MATERIAL PROVIDED START

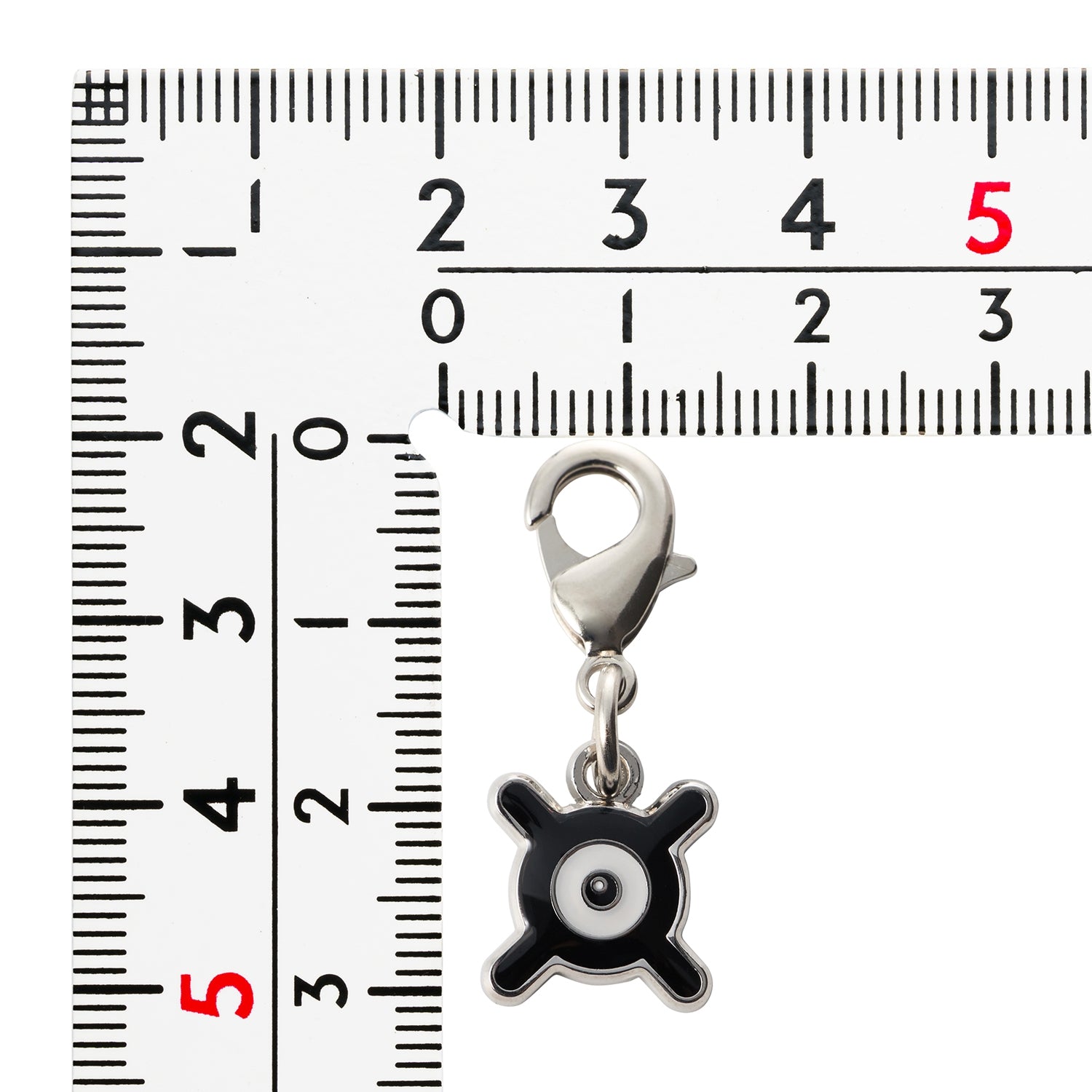 Close-up of Pokemon Metal Charm 201-X with detailed artwork from Japan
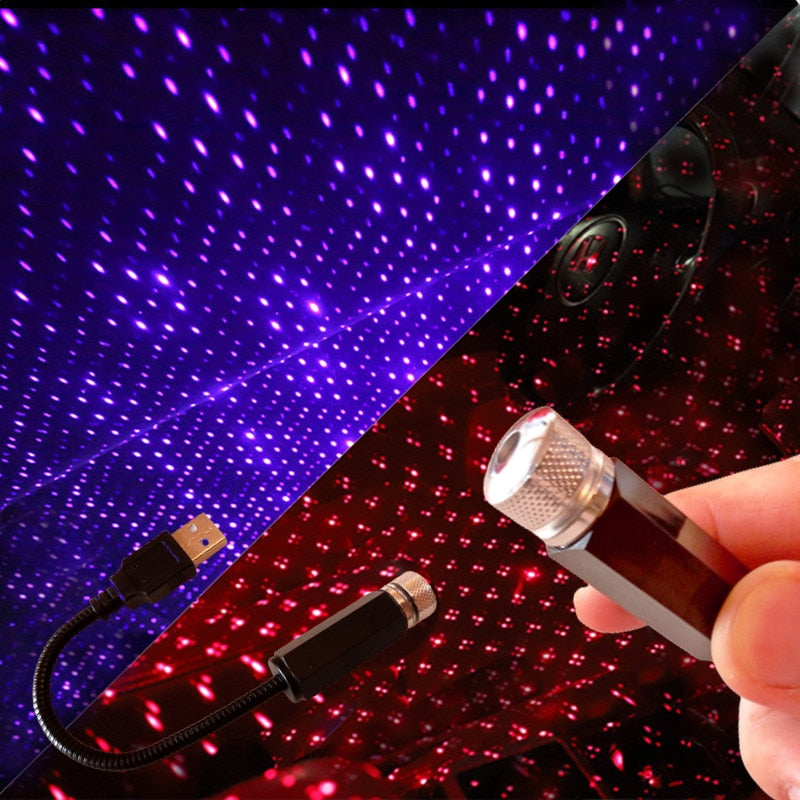 Laser pointer with star light projector and USB cable on a dark background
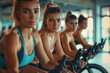 People biking in Spinning class at modern gym, exercising on stationary bike. A sporty lifestyle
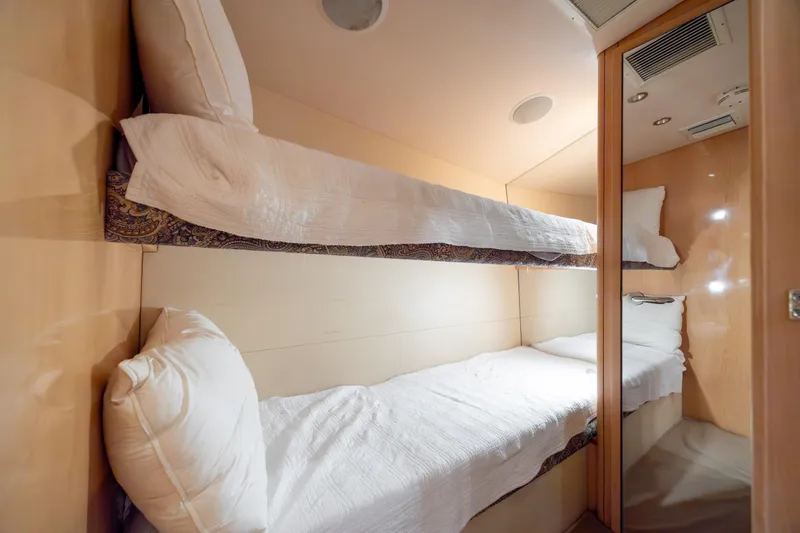 Wet Hooker Yacht Photos Pics Bunk beds in 2003 Hatteras 60 Convertible yacht cabin, featuring cozy bedding and wood paneling.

MATERIAL PROVIDED END

## [EXERCISE]
This task asks for the data above repeated exactly, without a single picture.

## [OUTPUT OF THE EXERCISE]
 Close-up of Pokemon Metal Charm 201-X with detailed artwork from Japan
 Laser pointer with star light projector and USB cable on a dark background
 People biking in Spinning class at modern gym, exercising on stationary bike. A sporty lifestyle
 Wet Hooker Yacht Photos Pics Bunk beds in 2003 Hatteras 60 Convertible yacht cabin, featuring cozy bedding and wood paneling.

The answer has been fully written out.